Politics

My Family’s Refugee Story

The argument over who gets to come to America is personal for me—and millions of others.

Obama exceptionalism.
“We don’t have religious tests to our compassion,” Obama said on Monday, in reference to suggestions that the U.S. bar Muslim Syrian refugees. Above, Obama disembarks from Air Force One in Manila, Philippines, on Nov. 17, 2015.

Photo by Saul Loeb/Getty Images

In the wake of the horrific terror attacks in Paris last week, a number of Republican presidential candidates have suggested that Syrian refugees who are Muslim should be prohibited from entering the United States, in favor of Christian refugees.

Asked about this on Monday during remarks at the G-20 summit, President Obama didn’t hold back. “When I hear folks say that: ‘Well, maybe we should just admit the Christians but not the Muslims,’ when I hear political leaders suggesting that there would be a religious test for which person who’s fleeing from a war-torn country is admitted, when some of those folks themselves come from families who benefited from protection when they were fleeing political persecution, that’s shameful,” Obama said. “That’s not American. That’s not who we are.
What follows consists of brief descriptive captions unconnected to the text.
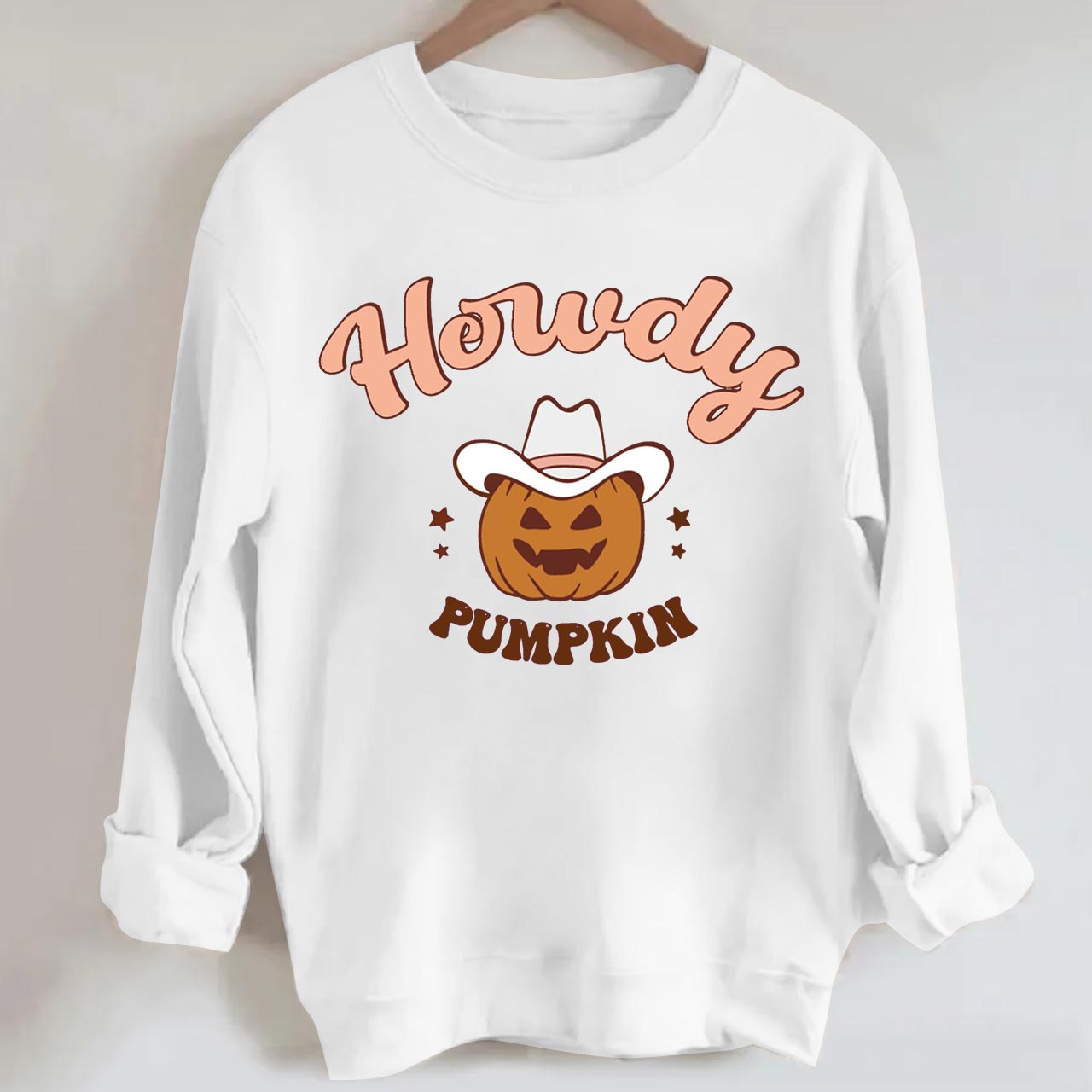 Howdy Pumpkin Halloween Sweatshirt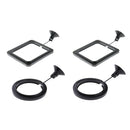 4 x Practical Floating Food Square and Round Circle - Reduces Waste & Maintains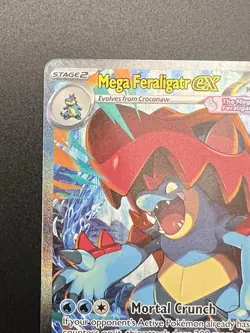 Pokemon Mega Feraligatr ex 274/217 SIR Ascended Heroes NM (Pack Fresh) - Image 4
We don’t have religious tests to our compassion.”

“It is very important for us right now, particularly those who are in leadership, particularly those who have a platform and can be heard, not to fall into that trap, not to feed that dark impulse inside of us,” Obama continued. “I had a lot of disagreements with George W. Bush on policy, but I was very proud after 9/11 when he was adamant and clear about the fact that this is not a war on Islam. The notion that some of those who have taken on leadership in his party would ignore all of that, that’s not who we are.”

On Tuesday, things got worse. Despite the fact that all of the known Paris attackers were European nationals and not recent immigrants, more than half of American governors have lined up to say that they would not accept any Syrian refugees in their states.

The fact that these governors actually lack the power to prevent refugees from coming is beside the point. Seated now in the deeply paranoid, conspiratorial anti-Muslim discourse that has infected the American national security debate, the Syrian refugee question has become just another front in the culture war. Considered in light of Obama’s trenchant comments, it can also be seen as yet another round over the meaning of “American exceptionalism,” an argument that has been at a high pitch throughout, and in some ways defined, his presidency.

From the earliest days of Obama’s candidacy, his critics have tried to cast him as someone who didn’t quite get what was great about America. They went after him for an “apology tour,” in which he publicly acknowledged that, in the past, the United States had done some things wrong. For his supporters, however, acknowledging that America had failed to live up to its ideals and should endeavor to do better is an essential component of leadership. Put simply, for conservatives, American exceptionalism is about American power. For liberals, it’s about American responsibility. This difference couldn’t be clearer than in the current argument over Syrian refugees.  

The refugee experience hits close to home for me. As for so many Americans, it’s central to my understanding of American-ness in a very personal way. My father was born in a refugee camp in Germany, the son of Ukrainian refugees who had fled famine, war, and Soviet oppression. When I was 10 years old, my dad moved from journalism into humanitarian relief and development work, and he moved our family to the Philippines, where my he and my mom worked for a year in a refugee camp for Vietnamese, Cambodian, and Laotian refugees, fleeing war and oppression just as his own family did, as they prepared to come to the United States. (At the time, as Jamelle Bouie notes, many Americans were opposed to these “boat people” resettling here.)

What motivated an American family to pack up the kids and move to the shores of the South China Sea? First, the fact that our family very directly owed a great deal to the generosity and sacrifice of others; second, our Christian faith, which exhorts us not only to be compassionate, but to act upon that compassion; and third, a deep commitment to the ideal of America as a refuge, and an understanding of the responsibility to preserve and strengthen that ideal.

No one is saying that refugees, from anywhere, should simply be allowed into the country without being screened. It’s just smart policy to vet refugees, and of course, this is what’s being done now, despite what Sen. Ted Cruz and Gov. Mike Huckabee would have you believe. As Huffington Post’s Elise Foley reported, the screening process is extensive and includes “an 18- to 24-month process on average that includes biometric and biographic tests, interviews and other vetting procedures by a number of U.S. security agencies.”

While acknowledging that security is a legitimate concern, it’s also important to note that, of the hundreds of thousands of refugees from the Middle East who have come to the United States since Sept. 11, 2001, not one has committed any act of terror.

These facts should not be lost as our more opportunistic politicians claw their way to the paranoid, populist bottom. As with so much else in our national security debates in recent years—torture, civil rights, detention, war, and occupation—these arguments are not just about policy, but about who we are as a country, about the society we’re trying to preserve, a place people from all over the world see as a refuge.